The Cranberry Harvest, Island of Nantucket
Eastman Johnson

1824-1906
The Cranberry Harvest, Island of Nantucket, 1880
Oil on canvas
27 3/8 x 54 1/2 in.

In 1870, after searching for aspects of American rural life to use as subjects for ambitious paintings, Johnson began to draw inspiration from Nantucket Island, in Massachusetts. With this view of a cranberry harvest, he successfully realized his efforts to paint a celebration of New England outdoor life.

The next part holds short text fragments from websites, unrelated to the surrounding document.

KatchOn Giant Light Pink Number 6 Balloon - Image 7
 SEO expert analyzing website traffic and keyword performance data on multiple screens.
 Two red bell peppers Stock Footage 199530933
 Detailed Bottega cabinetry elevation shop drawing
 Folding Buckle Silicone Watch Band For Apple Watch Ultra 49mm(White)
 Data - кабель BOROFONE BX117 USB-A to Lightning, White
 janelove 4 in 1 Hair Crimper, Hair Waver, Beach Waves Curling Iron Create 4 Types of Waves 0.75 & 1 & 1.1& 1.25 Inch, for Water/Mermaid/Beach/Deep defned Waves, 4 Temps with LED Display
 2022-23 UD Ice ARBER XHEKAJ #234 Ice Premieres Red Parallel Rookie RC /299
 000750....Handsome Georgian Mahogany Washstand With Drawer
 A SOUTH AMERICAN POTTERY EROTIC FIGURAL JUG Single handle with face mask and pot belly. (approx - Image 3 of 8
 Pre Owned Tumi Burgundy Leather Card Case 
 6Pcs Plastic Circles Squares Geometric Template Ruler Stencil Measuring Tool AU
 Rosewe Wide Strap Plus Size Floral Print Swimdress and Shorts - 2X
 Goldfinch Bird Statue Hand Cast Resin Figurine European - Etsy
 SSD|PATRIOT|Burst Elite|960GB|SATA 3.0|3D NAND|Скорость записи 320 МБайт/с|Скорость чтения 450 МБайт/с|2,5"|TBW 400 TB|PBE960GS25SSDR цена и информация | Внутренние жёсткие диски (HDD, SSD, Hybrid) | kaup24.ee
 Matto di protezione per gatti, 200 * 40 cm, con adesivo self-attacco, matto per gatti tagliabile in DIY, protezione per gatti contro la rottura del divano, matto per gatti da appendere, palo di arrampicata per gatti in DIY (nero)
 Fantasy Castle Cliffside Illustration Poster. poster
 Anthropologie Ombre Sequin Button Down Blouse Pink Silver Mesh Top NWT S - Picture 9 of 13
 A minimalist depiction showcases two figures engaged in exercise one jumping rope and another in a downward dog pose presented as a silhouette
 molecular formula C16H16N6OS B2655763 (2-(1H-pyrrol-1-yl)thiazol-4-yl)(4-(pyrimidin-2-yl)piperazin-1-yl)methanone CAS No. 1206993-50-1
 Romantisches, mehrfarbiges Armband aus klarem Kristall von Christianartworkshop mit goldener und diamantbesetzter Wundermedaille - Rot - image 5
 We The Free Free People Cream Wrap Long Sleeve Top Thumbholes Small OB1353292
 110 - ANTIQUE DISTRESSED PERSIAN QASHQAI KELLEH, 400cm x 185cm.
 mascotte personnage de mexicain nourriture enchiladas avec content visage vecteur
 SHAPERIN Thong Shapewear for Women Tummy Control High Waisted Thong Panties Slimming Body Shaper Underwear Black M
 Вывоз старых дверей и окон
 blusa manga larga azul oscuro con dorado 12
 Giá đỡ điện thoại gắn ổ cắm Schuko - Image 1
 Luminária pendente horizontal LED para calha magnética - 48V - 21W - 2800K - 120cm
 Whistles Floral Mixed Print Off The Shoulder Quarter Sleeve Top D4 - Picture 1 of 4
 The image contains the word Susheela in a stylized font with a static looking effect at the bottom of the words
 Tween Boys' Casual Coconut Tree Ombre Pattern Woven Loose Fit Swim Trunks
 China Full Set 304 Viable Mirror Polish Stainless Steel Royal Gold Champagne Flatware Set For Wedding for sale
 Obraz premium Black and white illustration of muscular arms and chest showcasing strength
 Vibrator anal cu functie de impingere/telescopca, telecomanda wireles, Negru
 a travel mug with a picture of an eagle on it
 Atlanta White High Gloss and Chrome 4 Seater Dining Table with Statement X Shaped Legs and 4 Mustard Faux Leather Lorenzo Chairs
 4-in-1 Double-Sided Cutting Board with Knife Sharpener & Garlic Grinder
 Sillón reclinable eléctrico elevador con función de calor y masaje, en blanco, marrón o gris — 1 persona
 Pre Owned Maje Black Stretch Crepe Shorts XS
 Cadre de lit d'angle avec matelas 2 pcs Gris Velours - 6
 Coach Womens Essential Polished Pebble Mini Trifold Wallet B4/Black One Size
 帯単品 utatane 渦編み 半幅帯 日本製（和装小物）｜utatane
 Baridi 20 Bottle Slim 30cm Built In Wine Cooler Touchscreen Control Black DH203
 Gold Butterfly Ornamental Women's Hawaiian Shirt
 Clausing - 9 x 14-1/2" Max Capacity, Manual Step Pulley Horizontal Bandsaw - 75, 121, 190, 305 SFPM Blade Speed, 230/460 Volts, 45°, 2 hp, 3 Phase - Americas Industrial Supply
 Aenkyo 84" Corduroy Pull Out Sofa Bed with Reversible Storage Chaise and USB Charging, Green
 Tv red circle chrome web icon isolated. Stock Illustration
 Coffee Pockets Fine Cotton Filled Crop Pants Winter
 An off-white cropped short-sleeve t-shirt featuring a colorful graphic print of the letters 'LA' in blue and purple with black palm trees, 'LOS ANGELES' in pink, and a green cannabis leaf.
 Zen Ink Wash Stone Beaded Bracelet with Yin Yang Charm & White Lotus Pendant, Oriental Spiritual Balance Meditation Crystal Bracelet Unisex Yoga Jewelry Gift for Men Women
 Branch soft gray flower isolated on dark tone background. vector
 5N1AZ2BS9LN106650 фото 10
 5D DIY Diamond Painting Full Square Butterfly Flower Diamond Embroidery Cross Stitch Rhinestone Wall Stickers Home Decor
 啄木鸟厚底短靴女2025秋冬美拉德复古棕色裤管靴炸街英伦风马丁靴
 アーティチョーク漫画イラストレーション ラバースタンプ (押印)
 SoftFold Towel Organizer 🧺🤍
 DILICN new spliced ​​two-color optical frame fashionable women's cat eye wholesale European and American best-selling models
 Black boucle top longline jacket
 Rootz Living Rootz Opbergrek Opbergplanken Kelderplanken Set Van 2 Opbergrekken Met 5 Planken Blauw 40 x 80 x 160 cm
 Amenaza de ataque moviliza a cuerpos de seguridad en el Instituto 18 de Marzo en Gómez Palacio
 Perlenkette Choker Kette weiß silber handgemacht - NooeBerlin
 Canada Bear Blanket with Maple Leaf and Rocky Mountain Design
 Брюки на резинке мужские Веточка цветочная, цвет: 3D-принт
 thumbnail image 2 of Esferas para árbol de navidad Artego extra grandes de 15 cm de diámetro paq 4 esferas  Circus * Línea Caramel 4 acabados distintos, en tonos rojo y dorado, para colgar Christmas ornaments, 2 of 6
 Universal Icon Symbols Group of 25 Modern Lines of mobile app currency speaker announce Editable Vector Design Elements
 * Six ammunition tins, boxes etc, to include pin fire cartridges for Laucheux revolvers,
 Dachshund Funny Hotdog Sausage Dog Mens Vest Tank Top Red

The work also marks a significant achievement in the history of American art. Using an evocative, rather than descriptive, technique, Johnson lavishes attention on the landscape, from the dry grasses of the cranberry bog to the distant and accurate view of Nantucket's spires and lighthouse. The principle focus of this scene washed by late-afternoon light is the configuration of pickers, and their poses and gestures. The standing woman in the center who looks at a boy carrying an infant to her creates a narrative suggesting that the artist recorded the scene as he witnessed it.

Provenance: 

Auguste Richard, 1880–at least 1893 [1]
With Bernard Bivall, London, 1969
With Peter Tillou, Inc., Litchfield, Connecticut, and Vose Galleries, Boston
Acquired by the Putnam Foundation, 1972

Provenance Notes: 

{1] Johnson submitted The Cranberry Harvest to the National Academy of Design spring exhibition in 1880. During the next several years, the painting was on public view at the newly opened uptown galleries of the Metropolitan Museum of Art, and later, in 1893, at the World’s Columbian Exposition in Chicago. For over seventy years afterward, however, the painting was unrecorded.